I like to serve the dish with some steamed store bought dumplings. The dumplings can be found in the sushi section in the deli area. I prefer pork dumplings. Simply steam for 5 minutes and they will be heated through.
Pappardelle with Beef Ragu & Arugula Salad
Sorry for the delay in posting. When you have a mini human that can’t wipe their own ass and are sprouting teeth in random places, your schedule gets a little f*cked. My tiny human has decided to go on a hunger strike and drink exclusively whole milk and dog water, so that’s been a fun 48 hours. Anyone want to babysit? I’ll pay you in meaty noodles.
Ok, so if you don’t know the skinnytaste name, you need to. She just had a new cookbook come out that is made for legit people with normal ingredients that you can find in a regular grocery store. Her newest cookbook, Skinnytaste Fast and Slow: Knockout Quick-Fix and Slow Cooker Recipes is the bomb.com and I recommend running out and buying it asap.

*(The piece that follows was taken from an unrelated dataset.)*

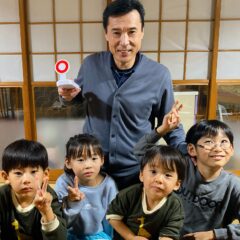 和食さとの「パーティーセット」で、トリプルバースディ！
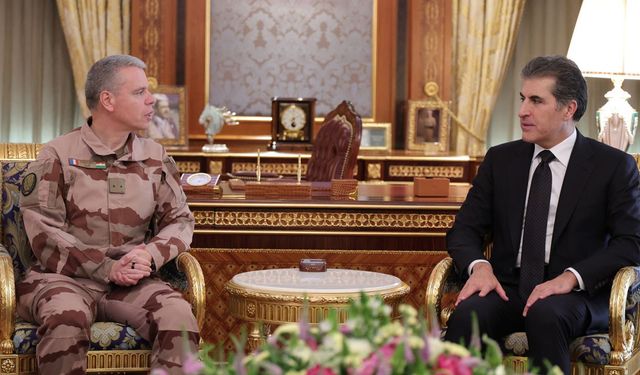 Başkan Neçirvan Barzani, Fransız General ile görüştü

I usually use cookbooks for recipe inspiration/experimentation, and this one is perfect for that. If you aren’t comfortable making changes, don’t—but I used her ingredients as a starting point, and added a few others. I added some shallots, more garlic and some basil to this recipe, and it was bomb.com. The first night I had it, I ate it over noodles. While that was good, I recommend doing spaghetti squash, which I’ll post the recipe for at the end. I’ll also add in the arugula salad with heirloom and burrata with balsamic glaze at the bottom too! Serves 6
Ingredients:
10 cloves garlic
1 shallot, chopped
1 tbs. olive oil
1.5 lbs flank steak (cut up in to 4 pieces) seasoned with salt and pepper
4 sprigs of thyme
4 large basil leaves, chopped (save a bit for garnish)
2 dried bay leaves
1 large can (28oz) San Marzano crushed tomatoes
½ C. low sodium beef broth
½ C. chopped carrot
1 package of pappardelle pasta, or any kind of pasta you prefer.
Salt and pepper
Ricotta cheese for serving
Parmesan cheese for serving
Heat olive oil in a small skillet and add in shallot and garlic. Smash the garlic to release the flavor before you put it in the oil, but no need to chop that. Sautee for 4 minutes, until garlic starts to turn golden. Remove from heat. Then, literally put all the other ingredients except the cheeses, including garlic and shallots with the oil into your slow cooker on low for 8.5 hours. The flank steak will shred easily with a fork as soon as it is finished. Serve with the pasta (or spaghetti squash, recipe listed next) topped with some fresh chopped basil and ricotta cheese and a light sprinkling of parmesan.
Spaghetti Squash
Ingredients:
1 medium spaghetti squash
1 tbs. olive oil
1 tbs. butter
2 cloves minced garlic
parmesan
salt and pepper
Poke the squash with a fork about 10 times all around (the same way you’d pierce a potato). Microwave for 6 minutes, flip it, then microwave for another 6 minutes. If the skin isn’t soft after that, add another 2 minutes. Take it out of the microwave with hot pads and let it rest on a cutting board for 10 minutes. Slice it open lengthwise and scoop out the seeds. Let it rest another few minutes so that it can be easily handled. While you’re waiting, heat a skillet with the butter and olive oil and saute the garlic in the mixture. Once you can handle the squash, scrape out the filling and add it to the saute pan. Cook for 5 minutes and season with salt, pepper and parm. A medium sized squash can make 6 small servings, or 4 substantial servings.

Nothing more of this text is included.